Are two matrices similar if and only if they have the same Jordan Canonical form?

Does the Jordan form have to have ordered eigenvalues?

For example, if $\lambda_1$ and $\lambda_2$ are eigenvalues of $A$, are $\begin{pmatrix}\lambda_1&0\\0&\lambda_2\end{pmatrix}$ and $\begin{pmatrix}\lambda_2&0\\0&\lambda_1\end{pmatrix}$ both Jordan forms of $A$?

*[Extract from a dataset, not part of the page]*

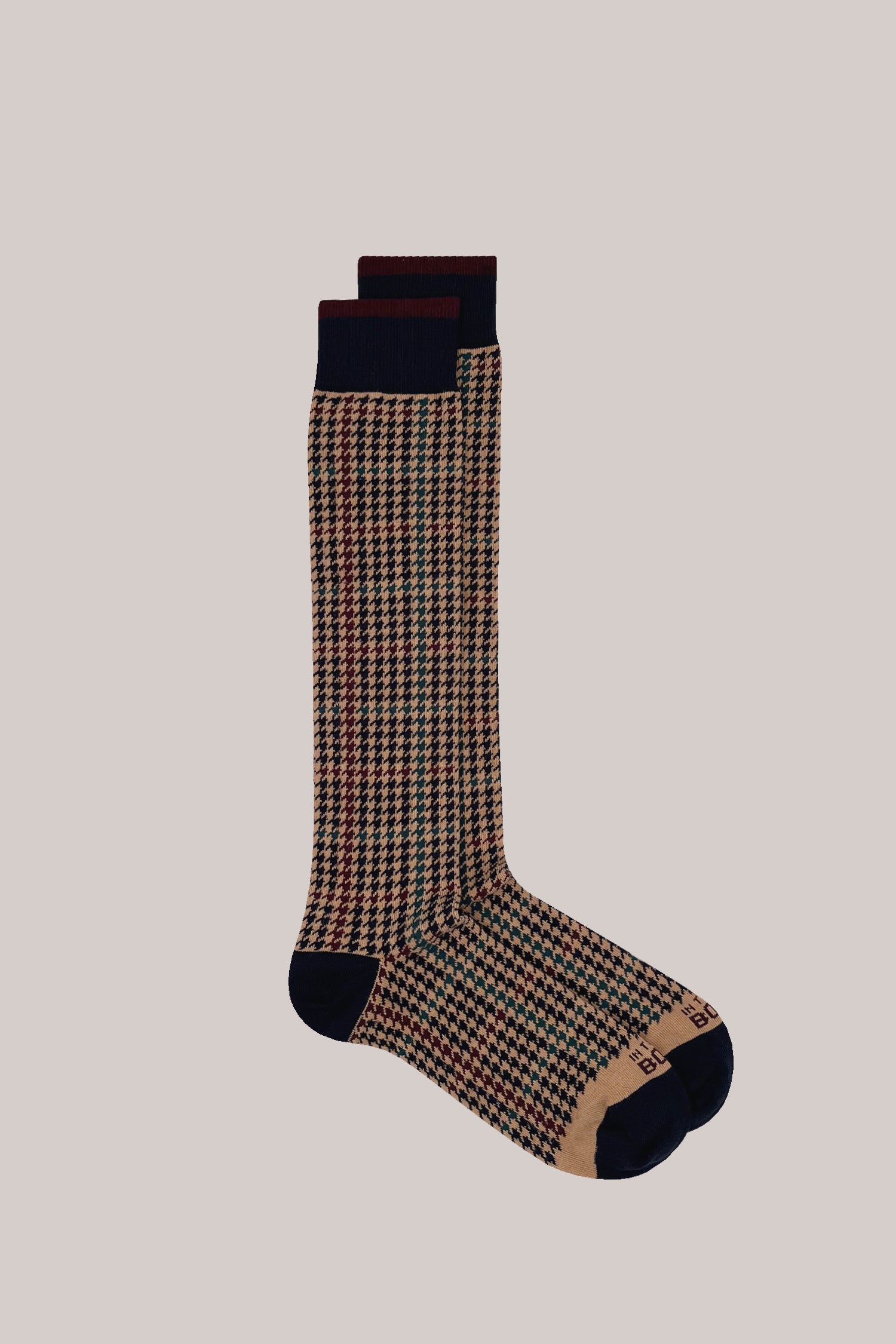 CALZE TWEED BLU MULTICOLOR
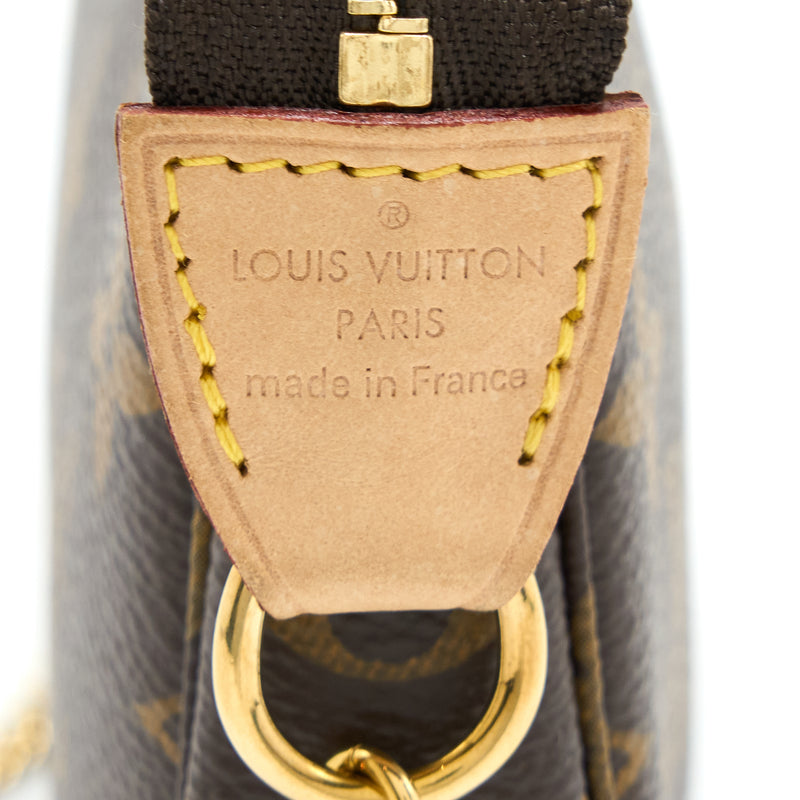 Louis Vuitton Mini Pochette Monogram Canvas GHW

  • $\begingroup$ The Jordan normal form exists for complex matrices (or more generally matrices over an algebraically closed field). The eigenvalues of a complex matrix are complex numbers, and there is no natural "order" on $\mathbb C$, so your second question doesn't really make sense. $\endgroup$
    – krm2233
    Commented Apr 12, 2023 at 18:04
  • $\begingroup$ You can order complex numbers, if it's just about order and addition doesn't matter. Put a+bi in a tuple (a,b) and order it. So one could agree on a "canonical" Jordan form for convenience. $\endgroup$
    – Gere
    Commented Apr 25 at 9:35

2 Answers 2

  • Up to arbitrary ordering of Jordan blocks, yes
  • No
  • Yes
  • $\begingroup$ Thanks! That really cleared my problem up! $\endgroup$ Commented Nov 11, 2014 at 22:30

The eigenvalues need not be ordered. You can conjugate a diagonal matrix by a permutation matrix to put them in any order.